Cattle raiser can be divided. Many western ranches do not produce ready-for-market beef. They run cows and a few bulls. What they sell are weaned calves, or not-finished steers. The calves are bought by feed lots and fattened up.

If you are a person who buys calves from western ranchers, you might like getting a good deal on calves, but if you are an eastern rancher who sells calves for fattening, then you are going to feel that the western ranchers get favors.

Back and forth, back and forth the debate continues.

Now about horses and burros on public lands. Don't waste my time trying to tell me that they graze harder than cattle.

If the equines are in Public Park lands, where no cattle are allowed, then the equines are destroying natural habitat.

But if the horses are on land, where after they are shot, the only change is that now more cattle can be grazed there, then why shoot the horses?

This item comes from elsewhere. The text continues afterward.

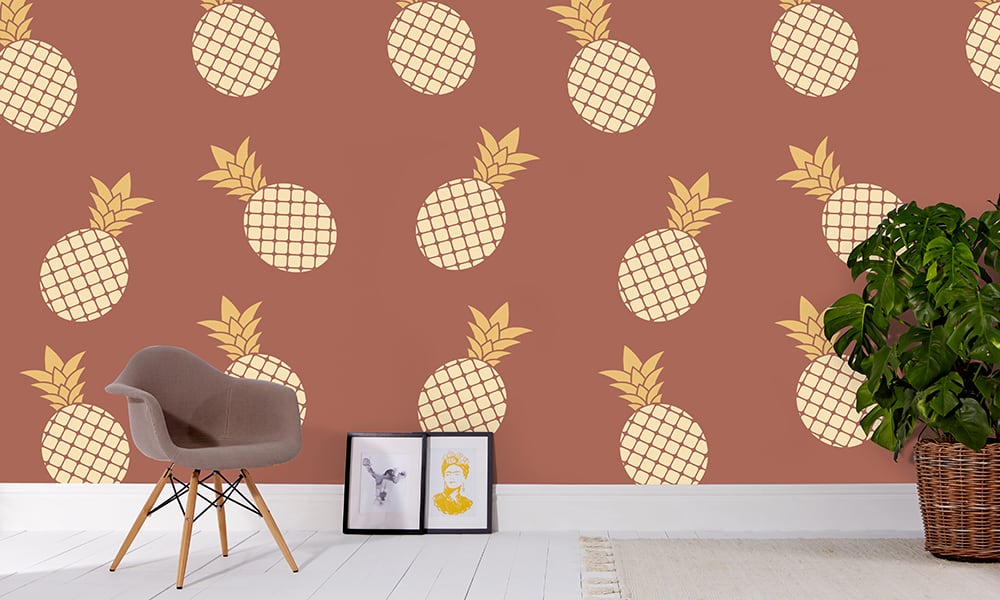 Red pineapple wallpaper in large scale with grey chair and frame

So that a business man can make more money running more cattle on public land, at a lease price of less than what a hiking club would pay to lease the land?

Wild Horses 1

I found myself not in complete agreement with terrierman on the subject of feral horses and burros on government lands.

http://www.terriermandotcom.blogspot.com/
Sat. Nov 21, 2009 - "Sheryl Crow is an Idiot"

Not that I am going to comment on Sheryl - she can speak for herself - but I do want to speak about animals on public lands.

I love natural lands, but life just isn't that simple, and neither is the "multiple use policy" of the BLM (Bureau of Land Management). BLM lands aren't meant to just be for animals, trees, miners, or recreation - it is meant to have multiple uses.

I am NOT an authority, but here it is, as I understand it to be, with my opinion added.

Multiple use means the land does get used a lot - it isn't treated the same way that National PARKS are. Traditionally public lands have been logged, mined, and had cattle grazing on them.
Today, the old policies die hard, but other people than the usual users of land are interested in it. People like to hike, hunt, fish, and play on public land, and some of those people don't want the trees cut down, the land tore up, and they don't want it turned into a feed lot.

That is part of what multiple use is. That is what land management is about. Ranchers are allowed to graze cattle, but not so many that the land becomes a feed lot.

Rules vary from state to state and depend on which agency controls that piece of land. There is federal land, state land, and various agencies control different hunks of land.

Hikers have said that they are legally permitted to hike a piece of land but have been kept off it by the person who only leases the right to run cattle on the land - not the land itself. And that those ranchers run many more cattle than what they are allowed and what they pay to graze there.

Ranchers have said they pay the full amount, never run extra cattle, and the hikers are a problem because they leave gates open.

I'm sure that there are bad ranchers and bad hikers, as well as good ranchers and good hikers.

Back to policy. There have been people who have wanted to pay more than what the ranchers pay to run cattle on public land, just to let the land lay fallow.

In other words, a hiking group might say that for every $100 a rancher will pay to be permitted to run cattle on that piece of pulic land, we will pay $101 to lease it, but we won't run any cattle, we will just let the land recover.

It sounds like a good deal - but not to the rancher. The ranchers have said that being out of business for a year would be too hard on them.

People wanting the land to revert to it's natural state view the rancher as selfishly standing in the way of a whole group of people who would have been able to enjoy the land for generations to come.

From the rancher's point of view: he provides meat for the whole country, and a small group of hikers are selfishly standing in front of Americans and their food supply.